I recently came across a few pieces of “love token” jewelry and was intrigued. I did a little digging and loved the story, the sentiments, and, of course, the history of them. While they are not hard to find they are quite pricey to buy. I’ve been on a little quest to get them and was able to snag 2 bracelets to repurpose. Here’s the back story….
Love tokens are generally defined as coins where one side (or sometimes both sides) has been smoothed down and engraved with initials, names, phrases and/or scenes. These were often given to young ladies as “tokens of love” by suitors.
The manufacture and practice of giving “love tokens” seems to have originated in Great Britain in the early 1800’s, and then migrated to the United States in the mid- to late-1800’s.
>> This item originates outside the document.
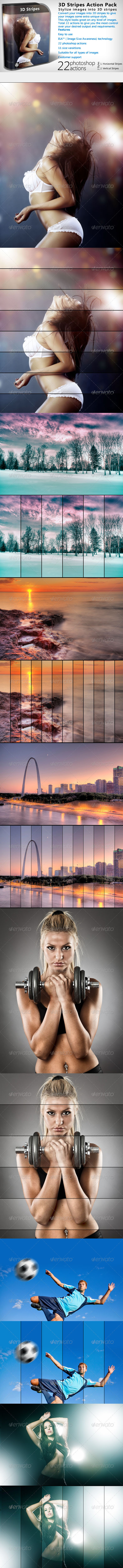 3D Stripes Action Pack - Photo Effects Actions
The Liberty Seated dime is perhaps the most popular used to create love tokens, perhaps because of its smaller size and silver content, but love tokens are known to have been made from all denominations of U. S. coins from half cents through twenty-dollar gold pieces as well as numerous world coins and denominations.
In the late 18th and 19th centuries, love tokens were common. Coins personalized for a sweetheart were given as an expression of love, and often as a proposal of marriage. What a wonderfully romantic gesture!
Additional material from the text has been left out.